At Ark Start, we are about much more than childcare: we believe that early years is a critical phase in a child’s education and that a great start in life will help children thrive at school and beyond. Play is at the centre of our approach because we know that children learn through play – we know this is true not just because we see and feel it, but because the evidence tells us that it is true. Play is a fundamental part of a child’s educational journey.

  1. Cognitive Development: Play helps children develop essential cognitive skills such as problem-solving, critical thinking, and creativity. Through play, children explore cause-and-effect relationships, learn to make decisions, and engage in imaginative thinking.
  2. Language Development: Play often involves communication, whether it’s with peers or through imaginative play with toys.
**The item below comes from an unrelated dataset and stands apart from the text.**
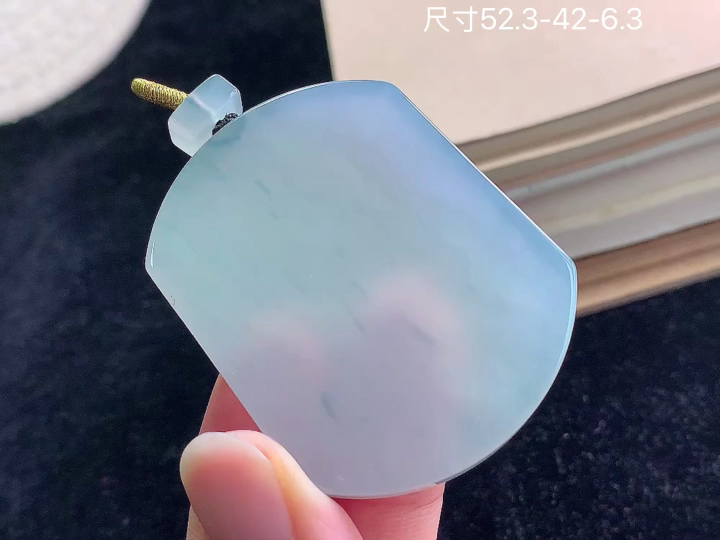冰飘花无事牌 老坑冰透 种老水足 水润光泽 性比高 无裂 尺寸看图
This helps children develop language skills, including vocabulary, grammar, and social communication.
  3. Social and Emotional Development: Play provides opportunities for children to interact with others, helping them develop social skills such as sharing, cooperation, and empathy. Through play, children also learn to understand and manage their emotions, an important aspect of emotional intelligence.
  4. Physical Development: Different types of play, such as outdoor play, running, climbing, and manipulative play with toys, contribute to the development of gross and fine motor skills. These physical skills are essential for overall health and coordination.
  5. Problem-Solving Skills: Play often involves overcoming challenges and solving problems, whether it’s building a tower with blocks or figuring out how to fit puzzle pieces together. These experiences help children develop problem-solving skills and persistence.
  6. Imagination and Creativity: Pretend play and imaginative scenarios allow children to explore their creativity and develop their imagination. This fosters a sense of curiosity and a willingness to explore new ideas.
  7. Self-Regulation: Play situations often require children to follow rules, take turns, and control impulses. These experiences contribute to the development of self-regulation skills, which are crucial for success in academic and social settings.
  8. Stress Reduction: Play is a natural stress reliever for children. It allows them to relax, have fun, and release pent-up energy, promoting a positive emotional state that supports learning.
  9. Curiosity and Exploration: Play encourages children to explore their environment, experiment with different materials, and satisfy their natural curiosity. This exploration lays the foundation for a lifelong love of learning.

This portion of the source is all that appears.